Where you place GPS devices on vehicles can have a dramatic effect on how useful they will be. Though best placement can vary from car to car, here is our guide to some general rules of thumb to help keep your devices as effective as possible.
GPS devices will always report most accurately when their antennae have a clear view of the sky. Check your device’s manual for the location of the antenna on your particular device. If you are trying to hide a device, it may not provide the same level of accuracy as if it were sitting out on the dashboard, but we have some tips for you to help optimize your results:
- Do not put the device anywhere surrounded by metal, like the car’s trunk.
- Avoid placing the tracker on top of other electronic devices, like turn-by-turn directional devices; a few inches between the two should be adequate to avoid interference.

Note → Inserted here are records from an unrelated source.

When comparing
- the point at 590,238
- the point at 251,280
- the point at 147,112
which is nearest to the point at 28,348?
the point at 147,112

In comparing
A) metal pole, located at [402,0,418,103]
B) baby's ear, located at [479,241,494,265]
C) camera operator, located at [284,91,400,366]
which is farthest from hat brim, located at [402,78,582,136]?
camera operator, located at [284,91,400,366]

- Most battery-powered tracking devices have weatherproof magnetic “slap and track” cases available. These allow a device to be placed underneath a vehicle.

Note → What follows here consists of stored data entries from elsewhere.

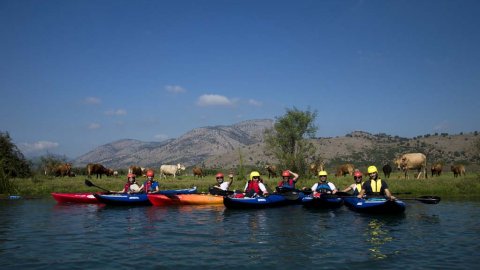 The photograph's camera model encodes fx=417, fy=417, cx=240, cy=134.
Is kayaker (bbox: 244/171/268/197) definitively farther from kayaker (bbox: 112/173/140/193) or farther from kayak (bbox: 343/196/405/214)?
kayaker (bbox: 112/173/140/193)

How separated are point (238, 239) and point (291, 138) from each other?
905 inches

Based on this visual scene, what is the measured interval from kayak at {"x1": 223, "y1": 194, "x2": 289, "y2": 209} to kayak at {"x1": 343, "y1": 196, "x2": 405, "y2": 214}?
167 inches

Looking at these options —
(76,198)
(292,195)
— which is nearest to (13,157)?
(76,198)

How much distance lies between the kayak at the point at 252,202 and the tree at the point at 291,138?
13.2 m

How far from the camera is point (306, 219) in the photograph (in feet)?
56.3

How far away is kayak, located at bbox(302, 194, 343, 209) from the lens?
64.5 feet

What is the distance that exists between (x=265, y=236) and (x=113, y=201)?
35.5ft

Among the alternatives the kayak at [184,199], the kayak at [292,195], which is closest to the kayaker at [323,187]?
the kayak at [292,195]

When placing beneath a car:
- Make sure the antenna is facing down, toward the ground. This will allow the device to pick up a satellite signal reflected off of the earth.
- Place the device as near to the edge of the vehicle as you can. If it is too far beneath the car, it may not get a signal.

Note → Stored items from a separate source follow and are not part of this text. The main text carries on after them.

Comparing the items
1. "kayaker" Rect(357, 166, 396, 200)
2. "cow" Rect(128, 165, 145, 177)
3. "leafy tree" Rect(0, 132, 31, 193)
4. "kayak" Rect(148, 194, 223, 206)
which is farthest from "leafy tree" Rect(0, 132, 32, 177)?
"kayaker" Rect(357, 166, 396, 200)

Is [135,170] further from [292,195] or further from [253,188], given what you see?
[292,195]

Note that best placement can vary by vehicle. Due to differences in automobile manufacturers, a device may report perfectly on one vehicle but not report at all from the same location on a different vehicle. There is an element of trial and error that will need to be performed by each customer; it is simply not possible to test individual trackers on every model of car manufactured.
It can sometimes be more difficult to place a tracker on a new vehicle than it would be on an older model car. For example, vehicles with tire pressure sensors can cause problems for GPS devices. The sensors located in the wheel well transmit UHF radio signals to the car’s on-board computer that can interfere with a tracker. Usually, ensuring that the tracker is moved a few feet from one of these sensors can mitigate any negative interference.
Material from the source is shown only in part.